A diplomatic solution like statehood is too broad a brushstroke to bring peace. So are military and economic solutions. Because the problem is not political, cultural, or economic. And it’s not a logistical problem. Israel’s wall will not protect it from Palestinian suicide bombers any more than China’s wall protected it from the Mongols.
Let’s go even further. Let’s say that a miracle happens and the PA and Hamas become unified, and other insurmountable obstacles are surmounted. Will this bring peace to the Middle East?
Not as far as 1.6 billion Muslims are concerned. Not only is the land of Israel itself an Islamic trust, but it is also home to Al-Aqsa Mosque, Islam’s third most holy site after Mecca and Medina, as well as many other holy sites, including the Ibrahimi Mosque in Hebron where tradition holds that Abraham and Sarah, Isaac and Rebekeh, Jacob and Leah and Joseph are buried. The global Muslim community will never rest until it regains control over these sites.

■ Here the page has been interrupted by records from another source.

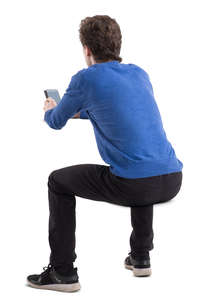 man sitting behind a desk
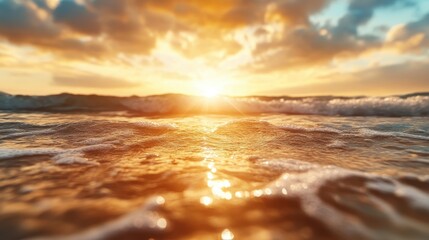 In this captivating image, golden sunlight dances over ocean waves, creating a stunning reflection that evokes feelings of peace and tranquility.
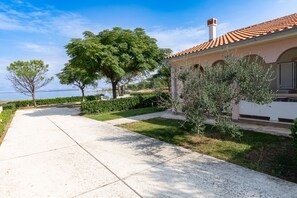 A pathway leading to a building with a tiled roof, surrounded by greenery and a clear sky. - Holiday Home Maria with Private Beach Access (Vir)
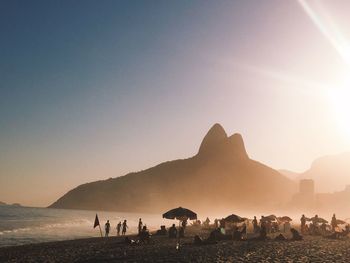 Group of people on beach against clear sky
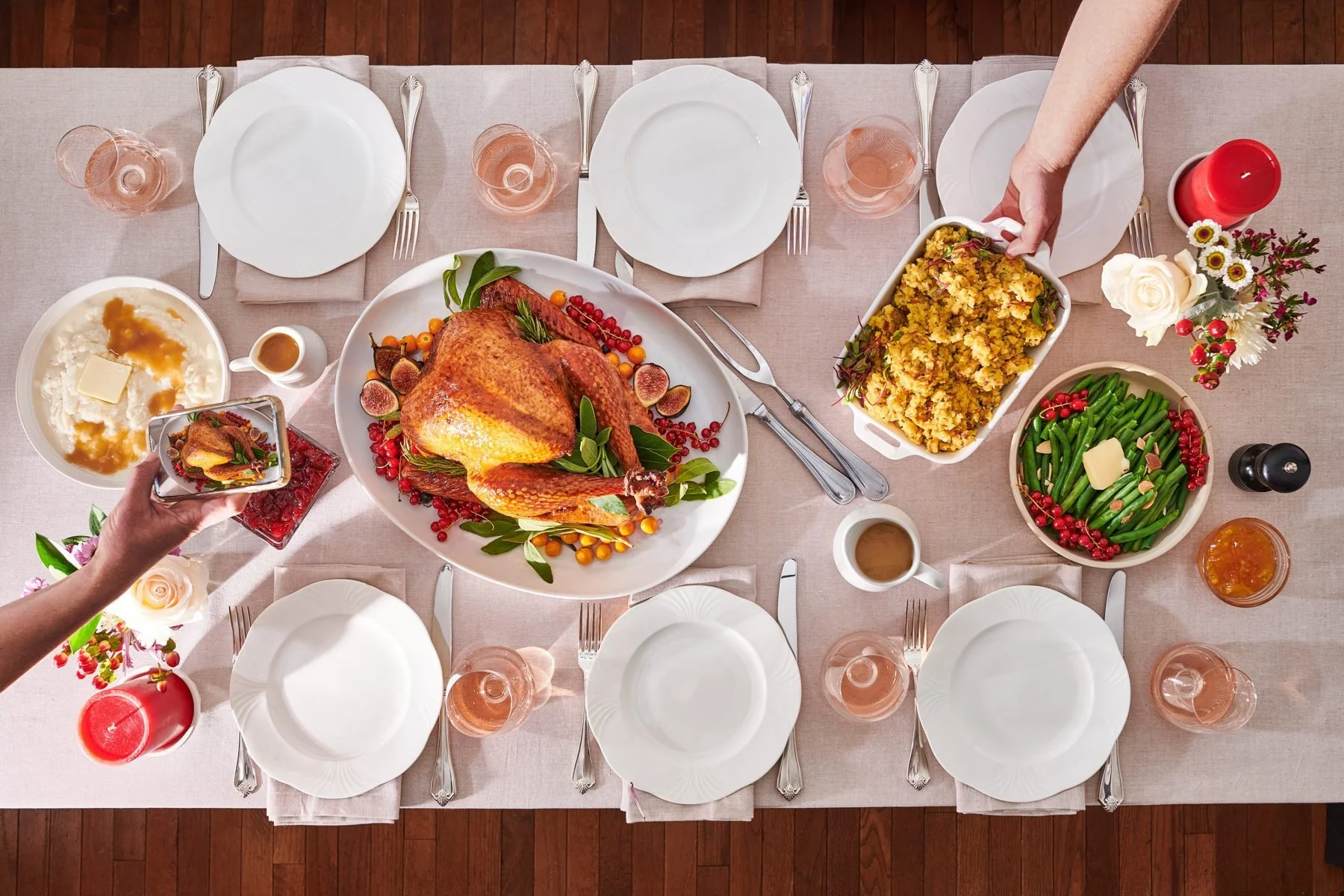 Overhead Thanksgiving table with hands serving dishes. Holiday lifestyle food photography.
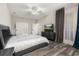 Spacious main bedroom with stylish furniture, a ceiling fan, and large windows with elegant curtains at 13247 Hatherton Cir, Orlando, FL 32832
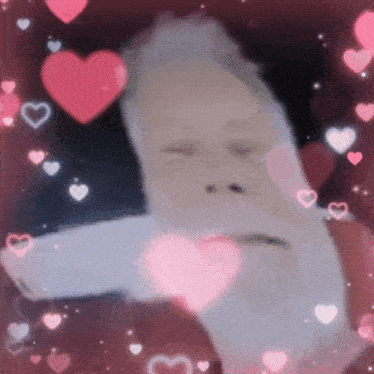 a close up of a person surrounded by hearts with their eyes closed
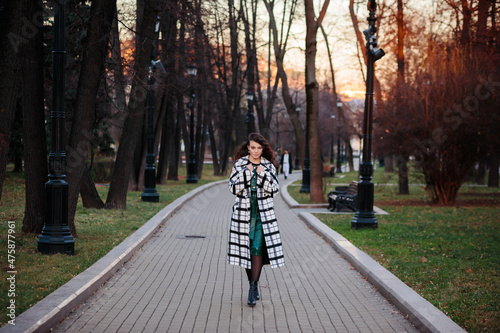 Full length portrait of fashionable elegant woman in checkered black and white coat an green leather dress walking in the park outdoors in autumn or winter.
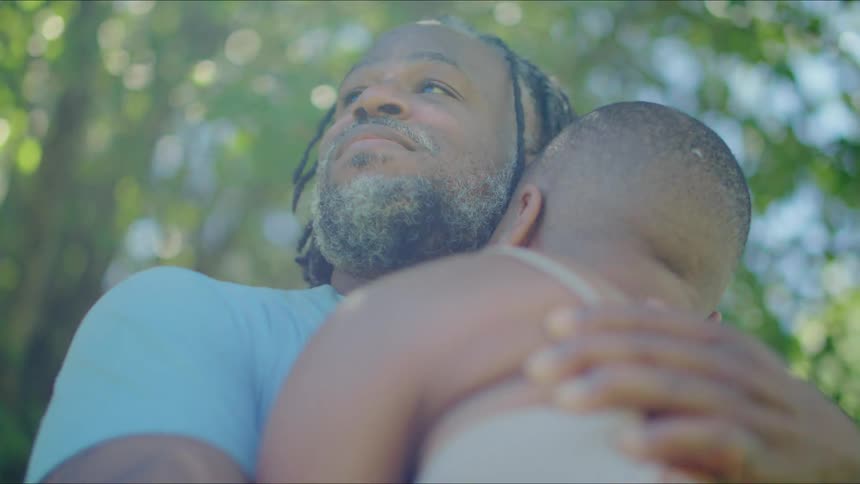 A man and woman are standing outside near trees and her head is leaning on his shoulder as his arms are around her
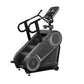 StairMaster 8Gx Gauntlet stair stepper with black frame, gray accents, digital console, and handlebar grips on white backgrou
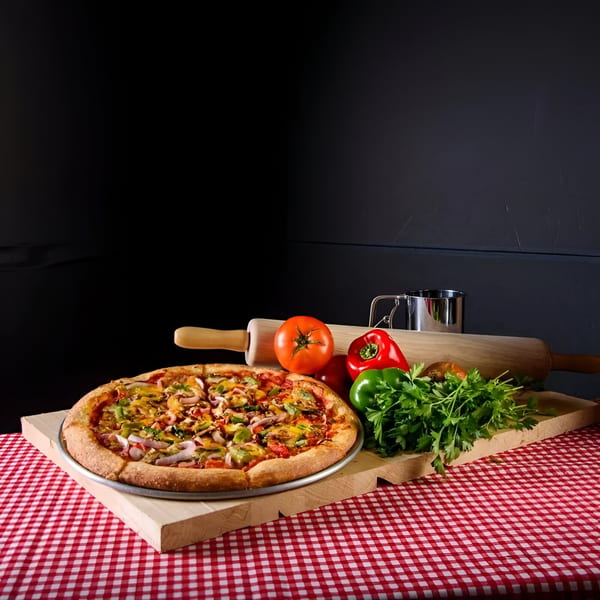 Free Wheeler Pizza with fresh vegetables, rolling pin, and measuring cup on a red checkered tablecloth.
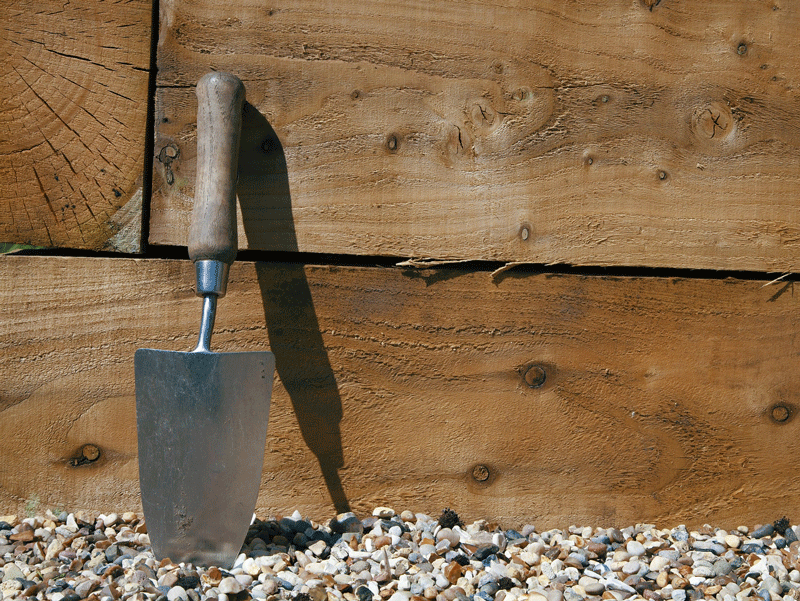 trowel leaning up against a raised garden bed 
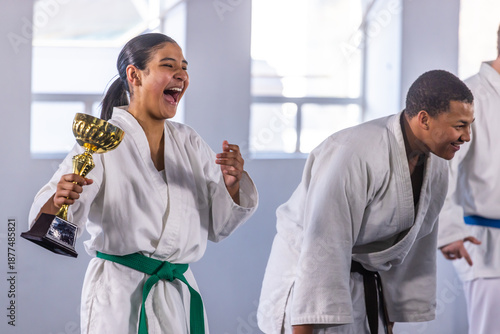 African american teen in gi holding golden trophy, laughing while instructor bowing in dojo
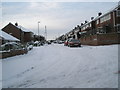 Looking from East Cosham Road into a snowy Courtmount Grove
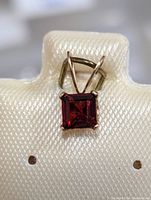 Front view of the square-cut garnet pendant in 10 karat gold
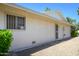 The side of a single-story home featuring a secure metal door and a well-maintained gravel area at 12634 W Seneca Dr, Sun City West, AZ 85375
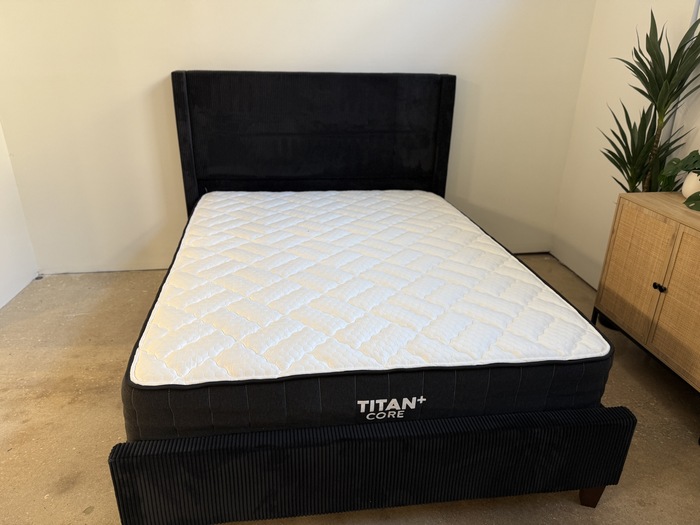 The Titan Plus Core mattress on a black bed frame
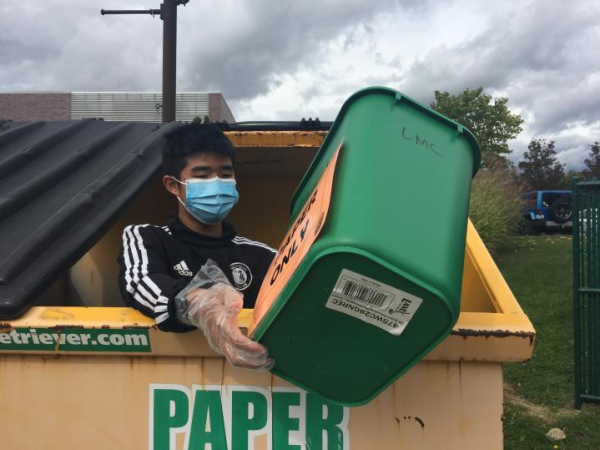 Sophomore Patrick Li collects bins of paper from fellow recycling club members to empty out into the main paper dumpster. While the majority of clubs have transitioned to conducting fully virtual meetings, there are a handful of activities that continue to offer in-person events. However, following Governor Whitmer’s most recent announcement, all clubs and sports have been required to discontinue in-person activity.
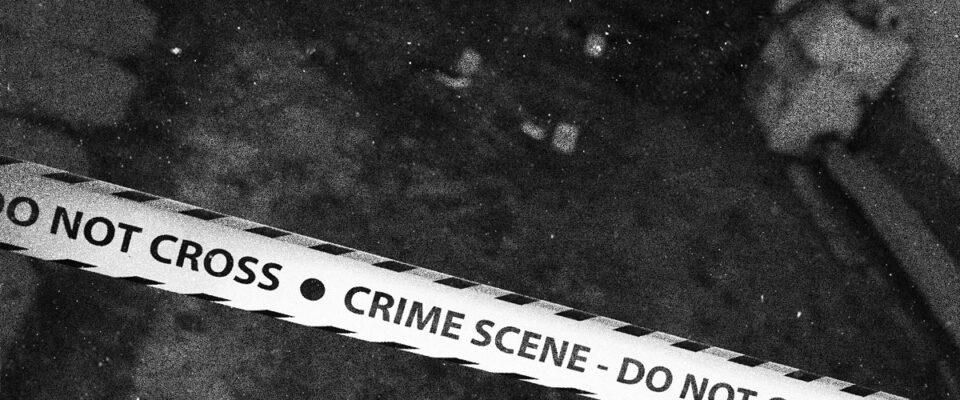 A crime scene, close up of police tape, that reads CRIME SCENE DO NOT CROSS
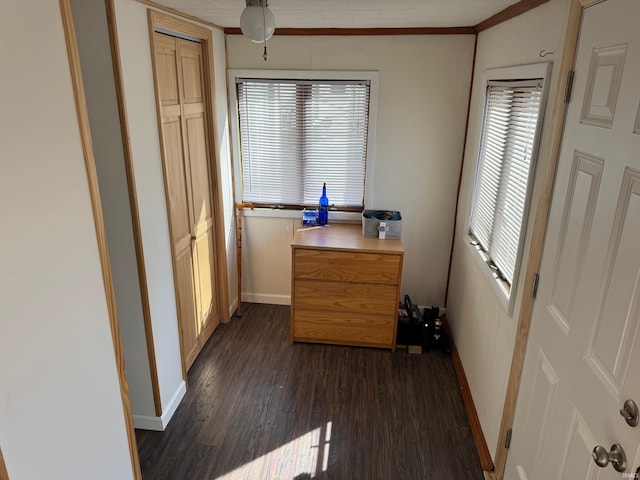 interior space with crown molding, dark wood-style floors, and baseboards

The so-called “Palestinian Problem” is first of all a theological problem but ultimately an individual problem.
It is a theological problem because the god of the Qur’an demands nothing short of an Islamic world and the death or subjugation of every infidel (non-Muslim). It is a theological problem because the god of the Qur’an claims sole ownership of Israel and considers its Jewish inhabitants to be “pigs” and “monkeys.”
The biggest obstacle to the peace process was when Palestinians allowed their cause to be Islamized. And until Islam is removed from the equation, the problem will remain an unassailable Gordian Knot. Non-Muslim Palestinians need to stop fighting Israel and put their efforts into an aggressive campaign to expose the lies of Islam, thereby neutralizing the Islamic factions.
It is also an individual problem—not only in the Middle East but throughout the world—because every Palestinian, every Jew, every atheist, every Christian must decide for himself whether he will love and forgive or hate and avenge. The former will result in peace and life; the latter can result only in violence and death.
I realize that this too is not an easy solution. Just look in the Bible or a history book to see what love and forgiveness cost Jesus Christ. Anyone can hate and kill. But love and forgiveness are the stuff of heroes.
Of what value is a violent, vengeful, arrogant Palestine or a violent, vengeful, arrogant Israel? If one ultimately conquers the other, the net result is a graveyard.